We walked along the beach again as we have done a thousand, ten thousand times. The grey sky glowered. Sand scrunched between my toes. Cold waves pushed up and over our feet, all salt and foam. Wave succeeded wave like shaken-out bolts of silk. We wandered back to the car, teasing and jeering, lost in the parking lot.

“Where is Claire?” he said. I looked up, startled. And suddenly it wasn’t Alain, my childhood’s constant companion. It was Jeremy, and I had forgotten the girls, and I was racing back to the rough water’s edge and praying “Please please please…”

My distress woke me up. I lay, heart hammering, in my quiet room beside my sleeping husband. The sky over Noe Valley was blushing indigo and orange.

The girls, I knew, were safe in their own beds.

I have made myself a responsible adult because I love my daughters as I love sunrise and the sea.

But some small part of my soul is still twelve, with my brother, on a beach.

now, bed

Can you tell how tired I am from my intermittent posting and general lack of coherence? I stay up late and sleep badly and get up early. Last night I dreamed there was a huge earthquake in Grantchester. Shockwaves ran out under the green grass like ripples on a pond.

disconnected

The children were perfectly behaved on the flight home; Julia slept on my lap for four hours. The house is much smaller than I remembered. The cat is frenetically overjoyed to see us. Jetlag’s a little bit easier to deal with when you’re flying west and it’s staying up late rather than going to bed early.

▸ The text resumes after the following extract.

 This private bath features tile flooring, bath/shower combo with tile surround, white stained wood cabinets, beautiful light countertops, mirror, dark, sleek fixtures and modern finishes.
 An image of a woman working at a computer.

I dreamed Veronica Mars had murdered someone and covered it up brilliantly. An odd, depressing dream, set in Oxford.

I’m reading a biography of Rosebery. Little thrills me more than cracking the spine of a new book about a Victorian liberal. Because I am an old coot.

green card

Approved on April Fool’s Day. We started the process when Claire was six weeks old. She’s five and a half. For those of you keeping score, yes, this does mean I got European citizenship, US residency and a good public school for my daughter, all in the space of about six months. I know what you’re thinking: bitch. And fair enough.

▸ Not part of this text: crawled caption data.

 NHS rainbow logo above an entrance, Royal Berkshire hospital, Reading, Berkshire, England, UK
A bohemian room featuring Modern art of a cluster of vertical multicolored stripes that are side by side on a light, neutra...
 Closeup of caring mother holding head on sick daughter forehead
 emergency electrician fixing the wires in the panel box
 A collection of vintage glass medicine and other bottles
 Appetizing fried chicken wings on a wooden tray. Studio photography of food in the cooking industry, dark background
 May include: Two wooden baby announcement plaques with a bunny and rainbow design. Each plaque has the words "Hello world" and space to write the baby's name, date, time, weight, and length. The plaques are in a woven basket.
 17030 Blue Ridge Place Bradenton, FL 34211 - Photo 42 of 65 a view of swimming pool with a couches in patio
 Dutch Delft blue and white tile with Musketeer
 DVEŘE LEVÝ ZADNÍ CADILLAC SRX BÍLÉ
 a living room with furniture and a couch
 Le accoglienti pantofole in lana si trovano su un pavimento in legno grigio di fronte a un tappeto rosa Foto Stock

(I’d been waiting till I got my green card to unleash hell’s fury on the DHS, but now it’s here I find myself thinking warmly of the hardworking individuals who approved it.)

In other news, Julia found my secret stash of Lindor truffles this morning. There were two. She gave me one.

“Yours.”

And held up the other, saying shyly:

“Mine?”

So we started the day with chocolate. Why not? It’s cold and Mr Jeremy is away; we need to indulge ourselves a little.

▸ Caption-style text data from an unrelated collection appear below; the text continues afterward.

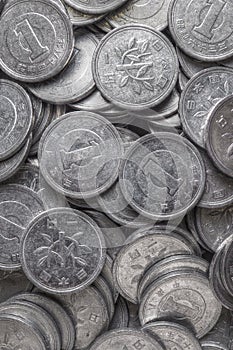 Field of Japanese coins at 1 yen close-up. Dark background or wallpaper with aged effect. News about the economy, finance and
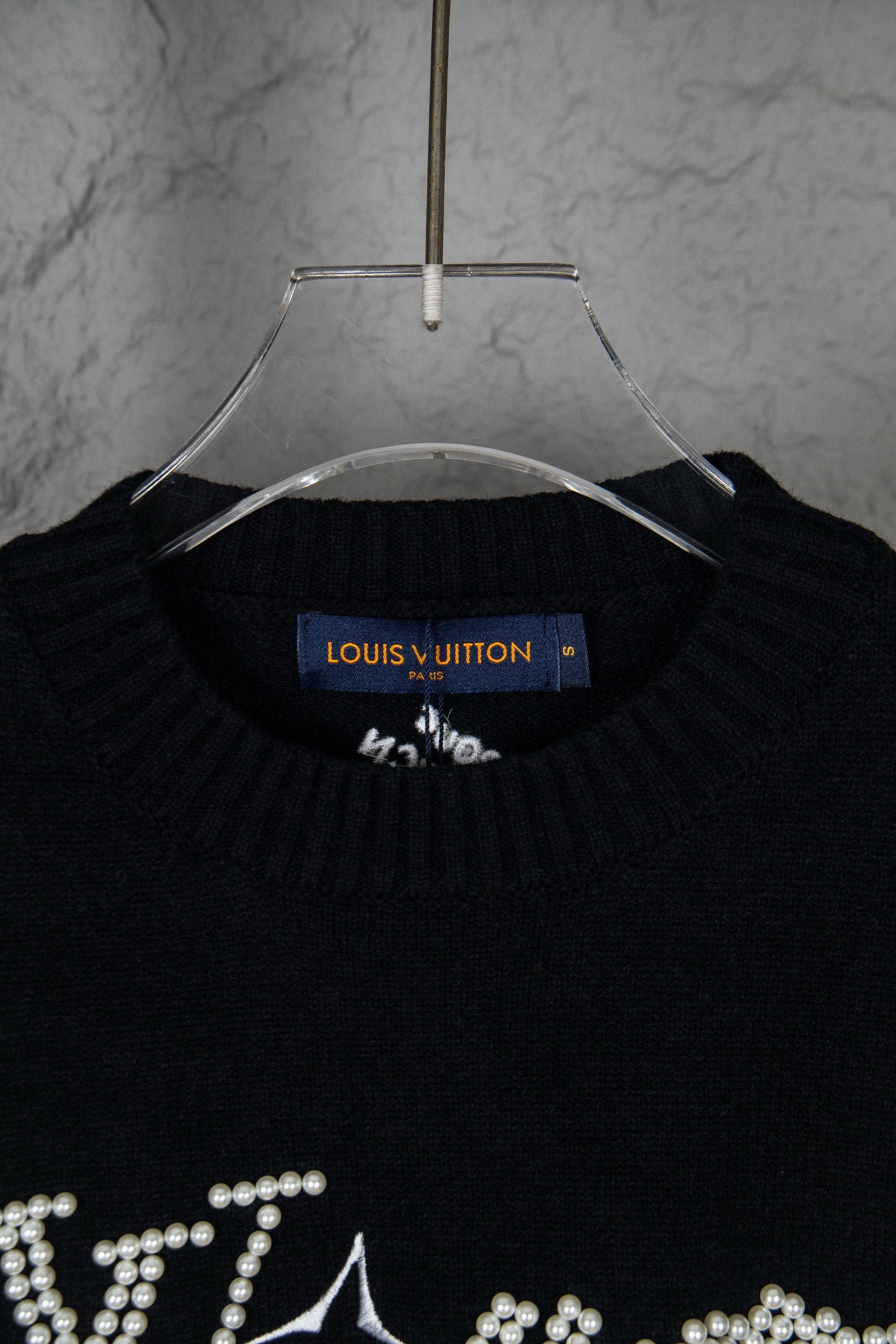 Black knit sweater neckline with blue Louis Vuitton label and rhinestone details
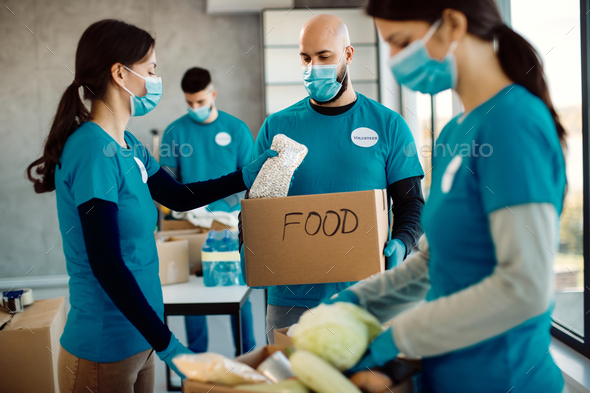 Group of people working in charitable foundation and packing food in donation boxes.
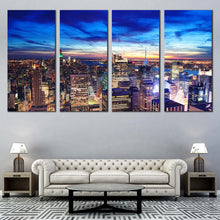 Load image into Gallery viewer, Manhattan Cityscape Canvas Wall Art Dramatic Blue Sky Multi Canvas NYC Skyline Aerial View Canvas Print Yellow New York City Lights In Living Room
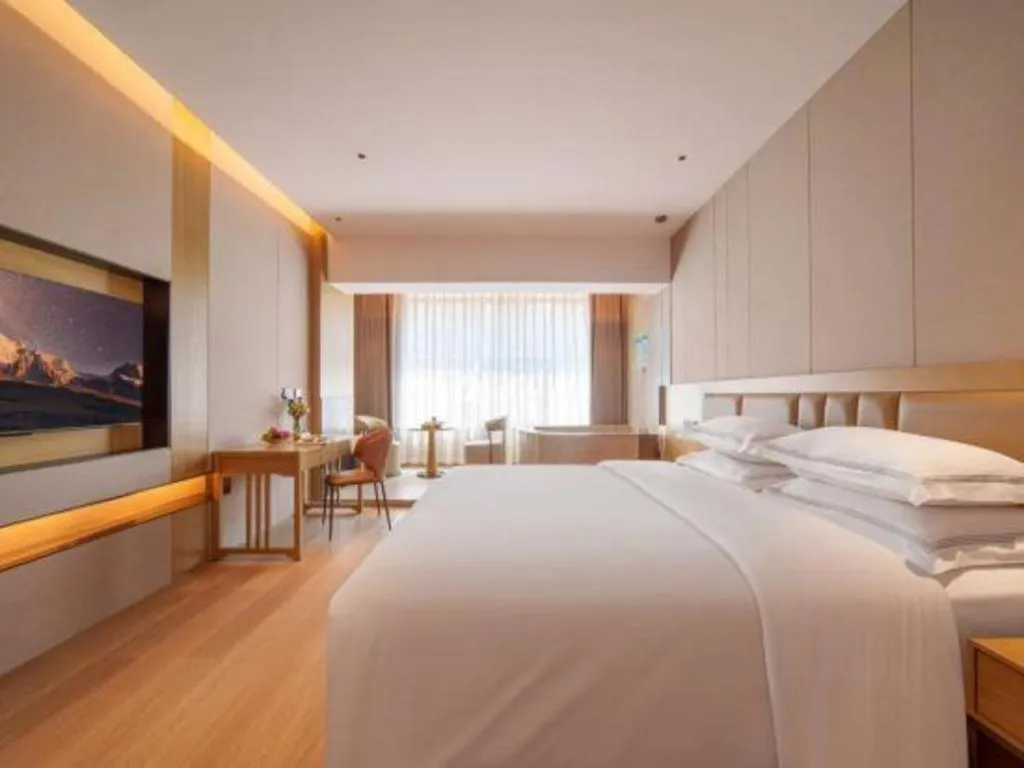 Bed in Vienna Hotel Yunnan Maitreya Huquan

The children are being delightful, suggesting that Jeremy is in fact a bad influence. (Joke.) I read Horton Hears a Who to Julia, who heard me out and then asked politely to be put in bed, curled up and went to sleep. Claire carefully washed her toothbrush:

“If you don’t wash it properly the bristles get stiff. That’s what Ada told me.”

I dreamed last night that I got pregnant again, not that I really want to, I think, but that the bewildering vastness of my love for my daughters remains almost impossible to believe. Dreaming about pregnancy is like running my hands through heaps of gold. Mine!